He didn’t drop his thumb, so his curled hand muffled his voice. “Come on. I loved her, too. She was one of my oldest friends.”

Annie drew a huge sigh. “I know. I don’t know if I’m ok. I’m going to open this in my room.”

She moved past him in the semi-darkness and he didn’t reach out. They weren’t hugging friends.

Alone in her bedroom, Annie felt like she could still talk to Cara. She had all of Cara’s clothes still in the closet, and her face smiling out of a half dozen pictures on the wall. Cara’s academic achievement award from eighth grade still winked in cheap brass on top of their bookcase. Annie looked at that instead of at the envelope. She found the pull tab by feel. She yanked and the stiff cardboard shredded in her hands.

The difference between knowing and not knowing is just a knock at the door. Annie had turned off her email notifications. She had taken Facebook off her phone. She had not answered anyone who had called; Cara’s spiteful oralist family hadn’t wanted anyone who signed at the funeral. They had wanted their Deaf daughter to read lips and write things down; not join some other culture. It had never seemed to occur to them that they could learn to sign, too. Annie had sought the not-knowing with all the will she had left. She did not want to know anything more.

But this doorbell. Jonah had put it in for Cara and Kevin, because their phones were easier to notify than wiring the house with flashing lights. Jonah had insisted they all put the app on their phones, just in case. He had almost installed it in time.
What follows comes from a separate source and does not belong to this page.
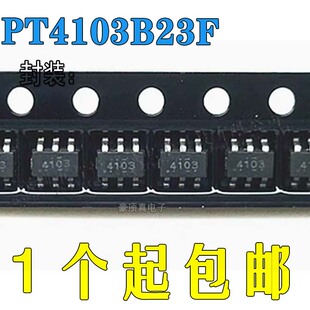全新原装PT4103B23F PT4103 4103丝印贴片SOT23-6升压芯片IC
It might have made the difference between knowing and not knowing. It might have captured Cara’s final day. But he had put off drilling the holes and getting it fully connected just a little too late.
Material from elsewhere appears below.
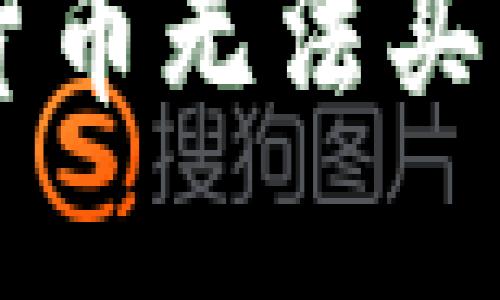 TPWallet中的数字货币无法买卖的原因及解决方法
Today, the paper had come. So now she would know.

The difference between knowing and not knowing is a single sheet of paper. A coroner’s report. The family might get the funeral; they had the life insurance, after all. But Annie was Cara’s wife, so she got the report.
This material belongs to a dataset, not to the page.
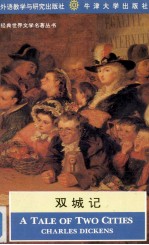 <em>A</em> T<em>A</em>LE <em>OF</em> TWO CITIES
Her eyes slid over the details; she knew where her wife’s body had been found, and in what condition. She knew Kevin (her wife’s best friend and roommate before the rest of them had coalesced into this shared house) had seen her last, and that Cara’s phone and keys and wallet had all been left in the house. She had known all of this for months.

Homicide. Cara’s death had been ruled a homicide.

“I know that,” Annie said to the sheet of paper. “Everybody knows that.”

But nobody knew who did it.

• • • •

“It’s what’s-his-name. DeNiro. The short bald one from the twin movie.” Jonah was trying to ring in first on their smartphone trivia game.

“DeNiro isn’t bald.” J.P. rang in second.

“Or short,” Lav chimed in, trying to hedge his bets before the timer ran out.

“It’s DeVito,” Annie said quietly.

Across the room, Jonah flashed her the word interpreter: one ok-hand turning against the other like a broken butterfly. “What would I do without you?”

“Win at trivia, maybe.” Annie caught the sign, but didn’t offer one back. Kevin was watching the screen and missing the conversation, anyhow. The shared screen in their living room declared her the winner of that round. She always cleaned their clocks at pop culture.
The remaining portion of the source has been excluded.